If you are a teacher with an unruly student, that student might end up in detention. This might be an hour after school sitting in a room or doing some sort of 'community service.' At least that is how it was
when my kids were in school. After detention, they go home, and maybe have to explain what happened to their parents. If that was their only infraction then that's the end of it. More serious problems could result in suspension. But again, in principle, there are no further consequences.
Now suppose you get caught with a bunch of drugs and you are convicted f a crime and sentenced to prison for a three-year term. What happens now? You serve your sentence, or part of it along with some time on parole. You made a mistake and you got in trouble. You served your time and you should be free of further consequences. But that is not how it works, as I have been learning because of a family member who is now serving a three-year term on a drug charge.
This individual comes from an upper middle class white family. He did well in school but then got lost in life and made some bad decisions and wrong turns.
When I used to hear about people going to prison, I would only think about the prison term. But there is so much more. So many ways that society is taking advantage of people who make mistakes and making it much harder for them to return to society as whole, contributing members. Here are just some of the things I have overlooked in the past.
We can start with the cash bail system that keeps individuals in jail if they cannot pay for bail. Middle class and wealthy people can pay, but lower income individuals may not be able to pay. While this is a
simplified description of the issue, keeping people in jail based on their income can't be right.
Once you are incarcerated you don't get your mail, so bills can pile up unpaid. An unpaid credit card balance of $500 with a monthly payment of $10 adds up to about $200 in interest over almost 6 years.
The online calculators don't allow for a $0 payment! Then there can be outstanding phone bills, which might cost several hundred dollars.
I don't know what the phone company does if you just don't pay, other than cut off your service. Then there is the issue of past parking violations. In some states if you don't pay a moving violation you can have your license revoked. When you get out of prison, no license, making it that much harder to find a job, or a place to live. And often you have to pay off your parking tab before you can get your license back. Of course, there is the issue of income tax if you were working prior to your incarceration. Prisons are supposed to have programs to help with filing taxes, but who would know about them?

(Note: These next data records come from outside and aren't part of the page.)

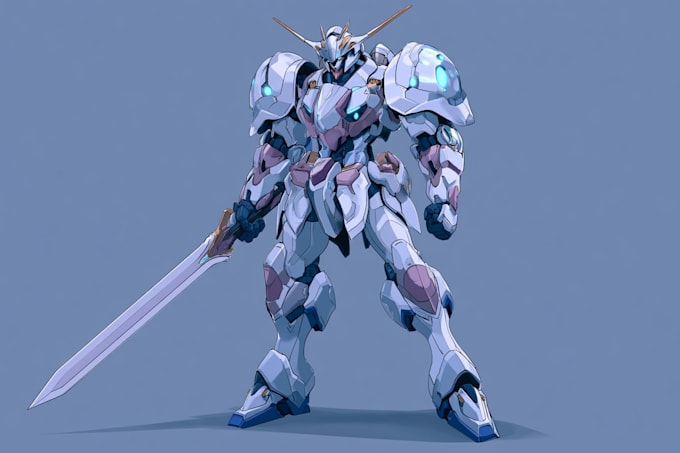 do mecha robot gundam illustrations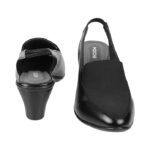 Mochi Women Synthetic Leather Block Heel Shoes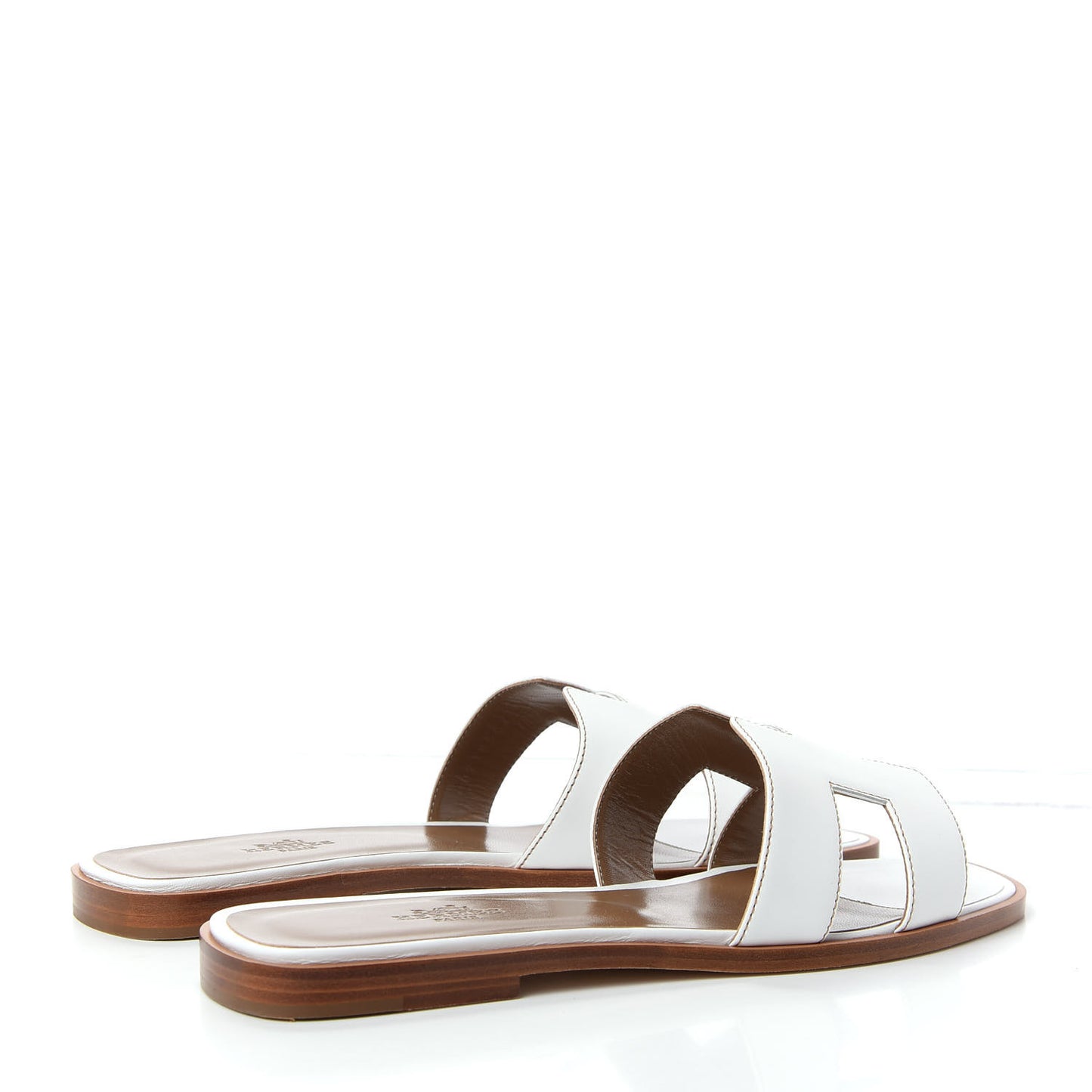 Box Calfskin Oran Sandals 39 White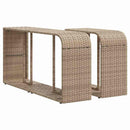 1 Tuinset Met Kussens Poly Rattan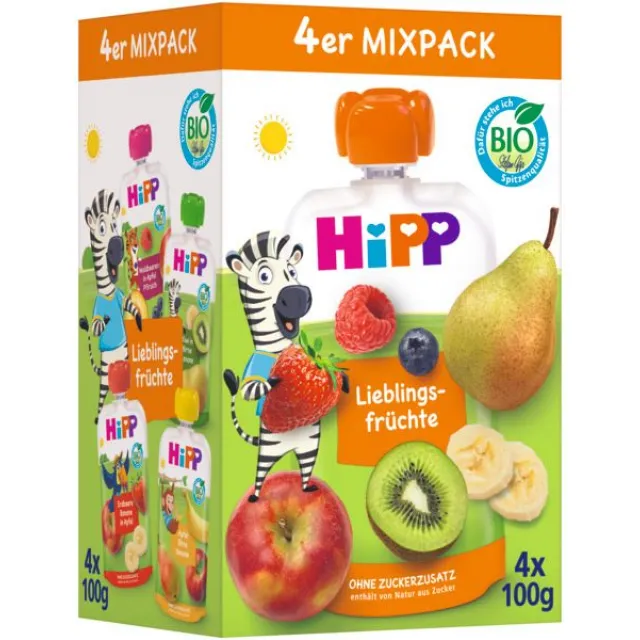 HIPP MIXPACK VOĆNE ZABAVE 4x100G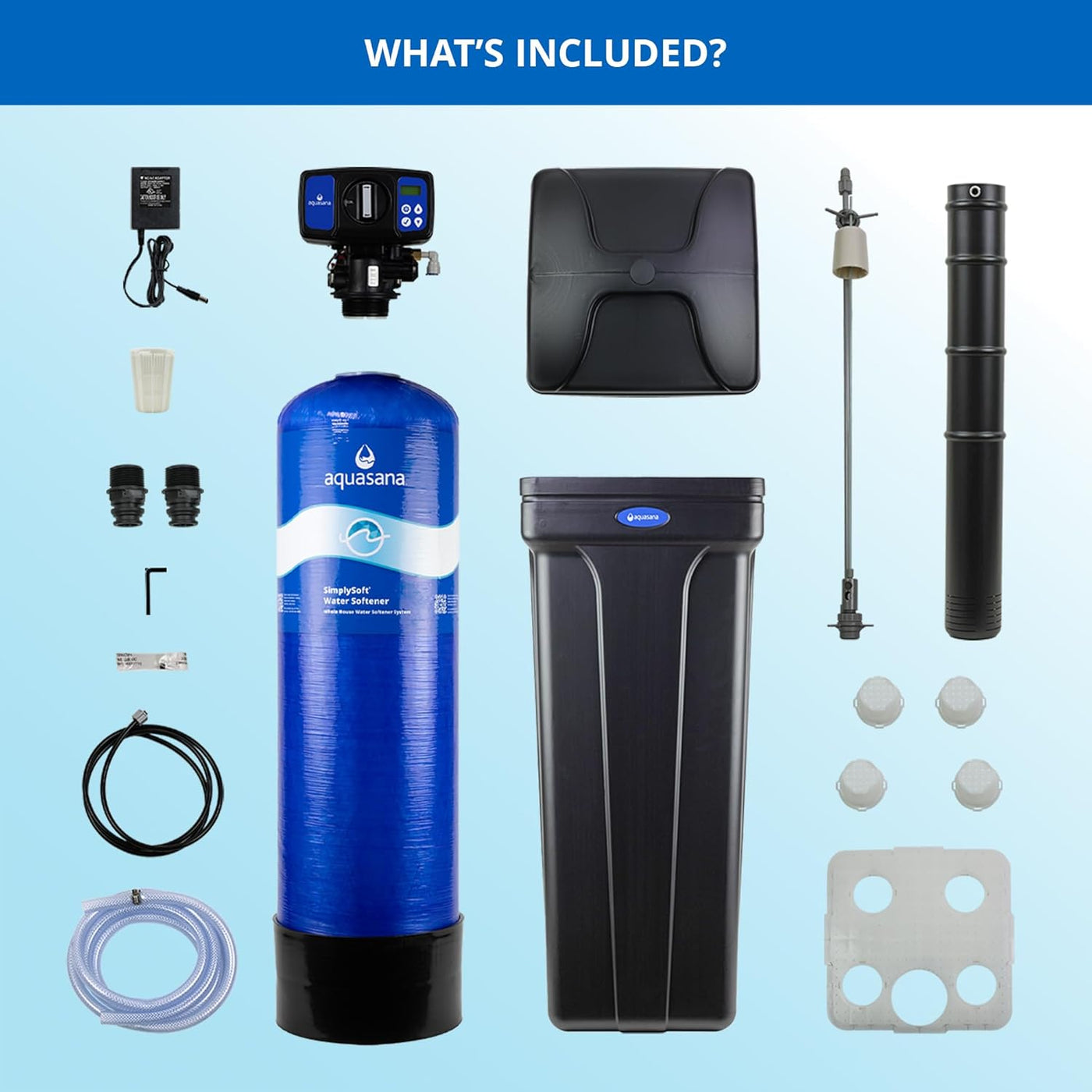 Aquasana SimplySoft 40,000 Grain Water Softener - Whole House Hard Water Reduction - $480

There is the issue of your credit rating if you don't pay your bills. Your credit rating will suffer for several years and could take years to improve. Your credit rating affects all sorts of things like your credit card interest rate (if you can even get one) your ability to get a loan, or even to rent a room.
Then there is the exorbitant charge someone has to pay to make a phone call from prison. The calls can be expensive and the online payment facilities charge fees like 10 percent (jailatm.com) or a sliding scale of up to almost 25 percent (jpay.com) depending on what state facility you send money to. This is a lot of money to charge families who just want to communicate and allow inmates to purchase things. It can be a major financial burden. Interestingly, Connecticut, which has the second highest charge for calls from prison, has a bill pending in its legislature to make the calls free ("An Act Concerning the Cost of Telecommunications Services in Correctional Facilities," HB 6714.) And presidential candidate Elizabeth Warren has signaled her support of the measure, indicating it is a nation-wide issue.

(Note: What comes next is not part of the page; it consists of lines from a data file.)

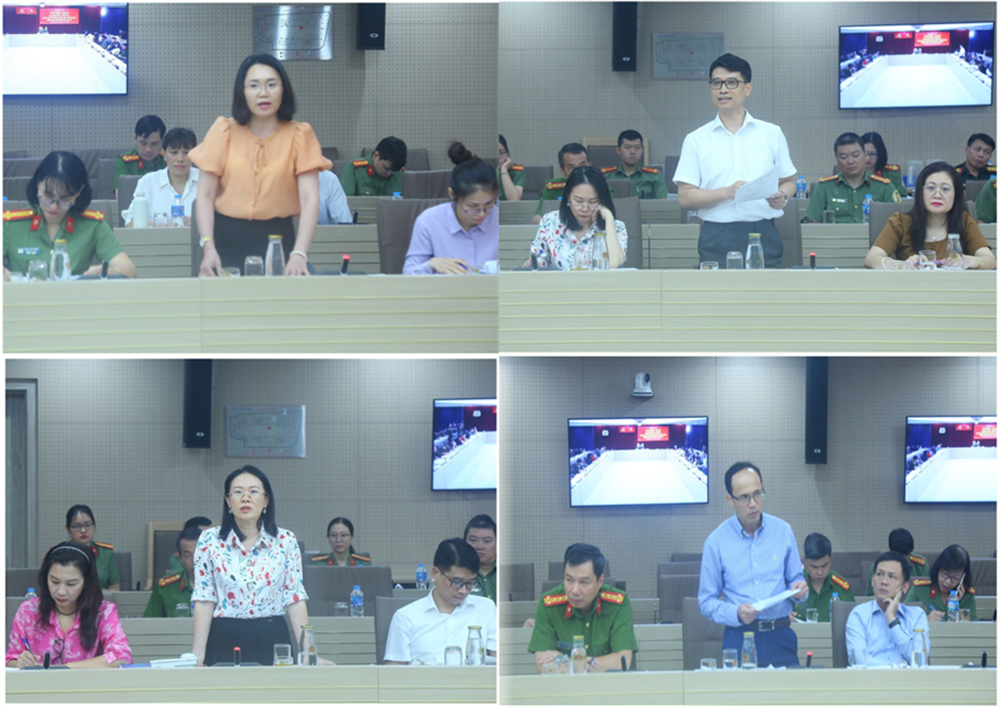 Các đại biểu thảo luận tại phiên họp.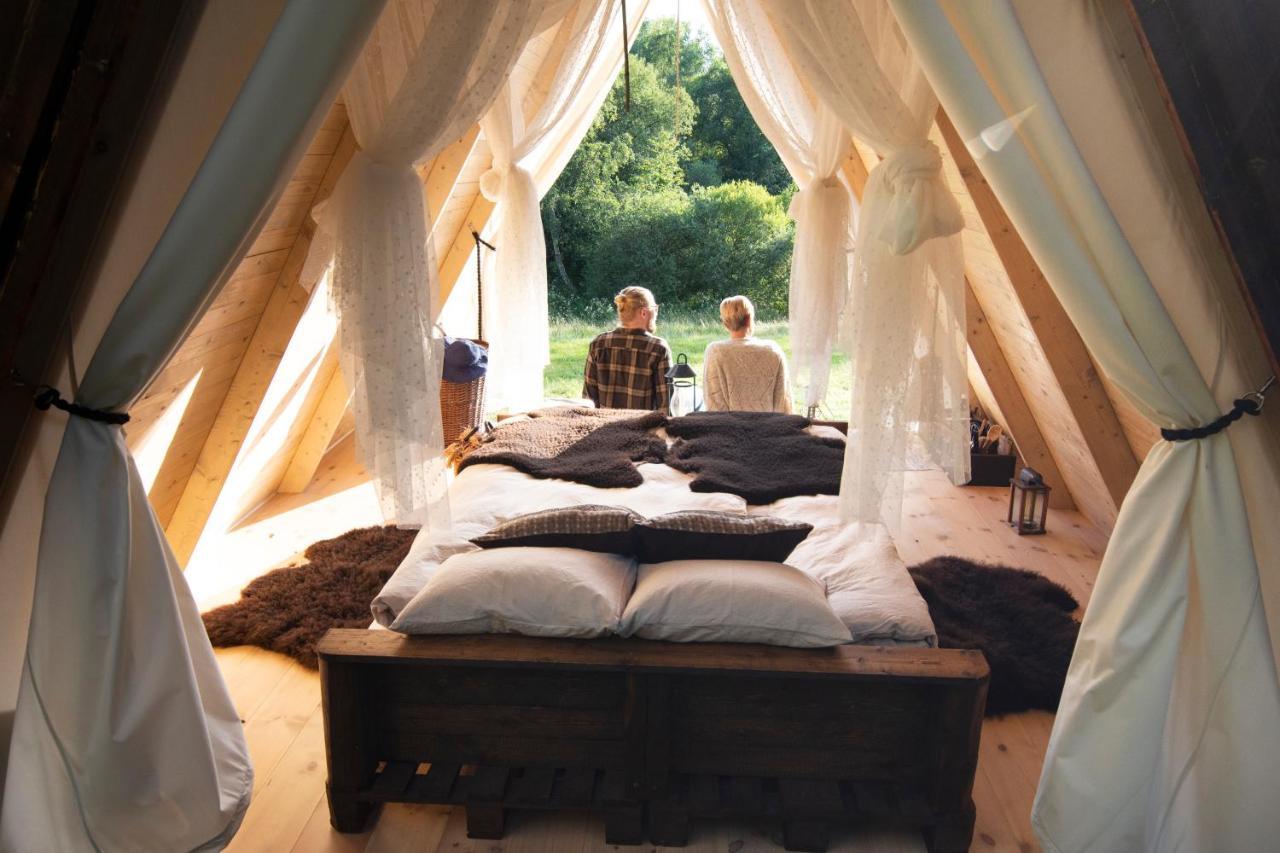 Sandfallet Glamping 라홀름 외부 사진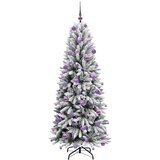 vidaXL Umestno božično drevo med 300 LED Bela 73 x 73 x 180 cm | Shoptok.si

Of course, when you leave prison after more than a year, you will have a felony conviction on your record for the rest of your life. That, of course, affects your ability to get a job or to rent or purchase a house. If someone was convicted of a crime and has served their time, why should they have all these extra burdens imposed upon them: credit problems, outstanding balance problems, tax problems, and the stigma of having been incarcerated?
Clearly the system has been rigged against these individuals, people who have made mistakes. We all make mistakes, but some people and their families end up paying for those mistakes more heavily and for a longer time than they should. Connecticut's HB 6714 is a step in the right direction but there is much more to be done to make to stop repeatedly penalizing people who have served their time.
Dave Bazell is a Progressive Maryland member and activist in Howard County.